Lung autopsy samples were examined as described elsewhere [17]. Briefly, paraffin-embedded sections were cut at 4-μm thickness and stained with hematoxylin-eosin. Rabbit antiserum reactive against rCARDS toxin and mouse anti-P1 monoclonal antibody (US Biological, Swampscott, MA) at 1:1500 and 1:10 dilutions, respectively, were incubated with representative lung sections, which were then stained with diaminobenzidene chromagen (Vector Laboratories, Burlington, CA) [17]. Control sections were treated similarly but without primary antibodies. For immunogold electron microscopy, lung samples were processed and analyzed for the presence of M. pneumoniae using anti-P1 rabbit antiserum (1:100 dilution) as reported elsewhere [5].


Case Report

All 5 children of a family were admitted to a pediatric hospital in Dallas, Texas, over a period of 5 days; 2 of the children experienced a fatal outcome.
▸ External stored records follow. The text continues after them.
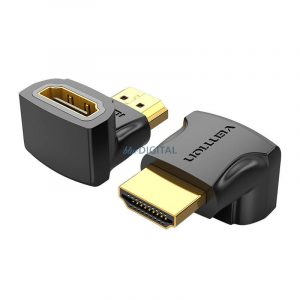 Adaptor HDMI Vention AIOB0 Adaptor masculin și feminin de 90 de grade (negru)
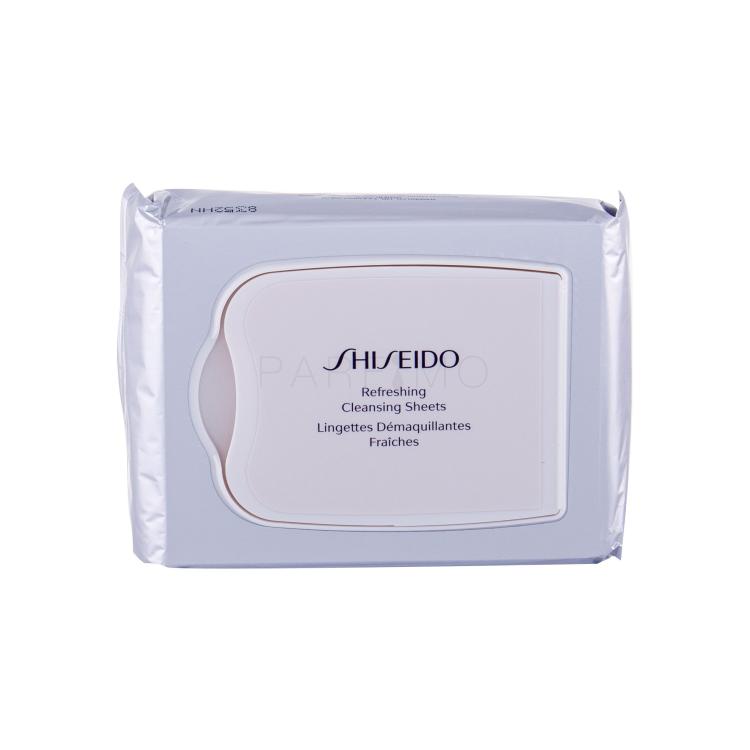 Shiseido Refreshing Cleansing Sheets Čistilni robčki za ženske 30 kos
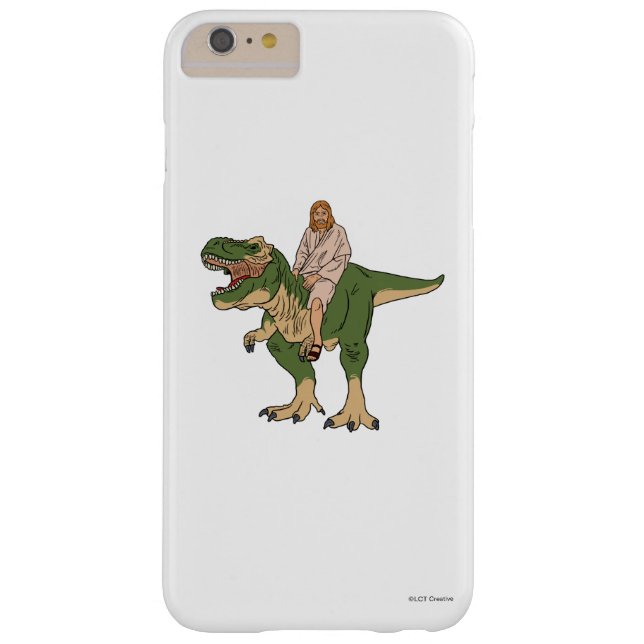 Jesus Riding T-Rex Case-Mate iPhone Case (Back)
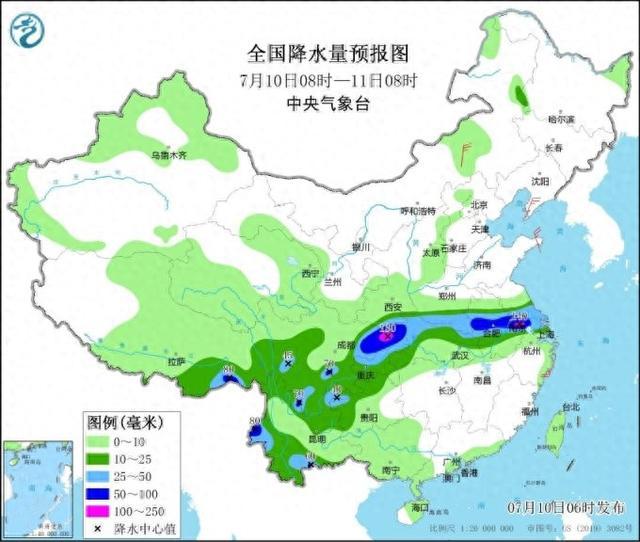 暴雨和高温黄色预警继续发布 四川盆地至苏皖一带有暴雨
All siblings were previously healthy without contributory past medical history and were homeschooled. Table 1 details the age, sex, clinical presentation, and diagnostic assessment of the subjects, and the timeline graph in Figure 1 indicates the onset of symptoms and time of diagnosis.

Table 1.
Characteristics of Mycoplasma pneumoniae Infection Within a Family By Use of Serum Samples
Figure 1.
Timeline graph showing the onset of symptoms and time of diagnosis of the siblings. Further details of the siblings are included in Table 1.

15-Year-Old Deceased Male Sibling (Sibling 1)

A 15-year-old white male was admitted in August 2000 to the pediatric intensive care unit for sudden onset of respiratory failure. He was in his usual state of health until 2 days prior to admission when he developed sore throat, cough, and rhinorrhea with no noted fever, headache, or altered mental status. On the morning of admission, his family was not able to arouse him from sleep but confirmed him to be breathing and with heartbeat. The family then noted cessation of breathing and called paramedics, who found the patient to be pulseless with cardiac electrical activity and initiated cardiopulmonary resuscitation (CPR) including endotracheal intubation. On admission to the hospital, physical examination was only notable for a febrile (39°C), sedated, and mechanically ventilated male patient. Initial chest X-ray radiograph revealed multifocal parenchymal opacities involving the perihilar regions and lower lobes. The patient continued with intermittent fevers throughout his hospital course, during which a maculopapular rash developed. General laboratory studies (complete blood cell count, liver function tests, electrolyte levels, and creatinine levels) were remarkable for an initial white blood cell count of 13.2 k/μL, initial aspartate aminotransferase level of 247 U/L, and initial alanine aminotransferase level of 506 U/L; these values normalized over the course of hospitalization. Toxicology testing was negative. CSF indices were within reference limits, except for a white blood cell count of 22 cells/μL.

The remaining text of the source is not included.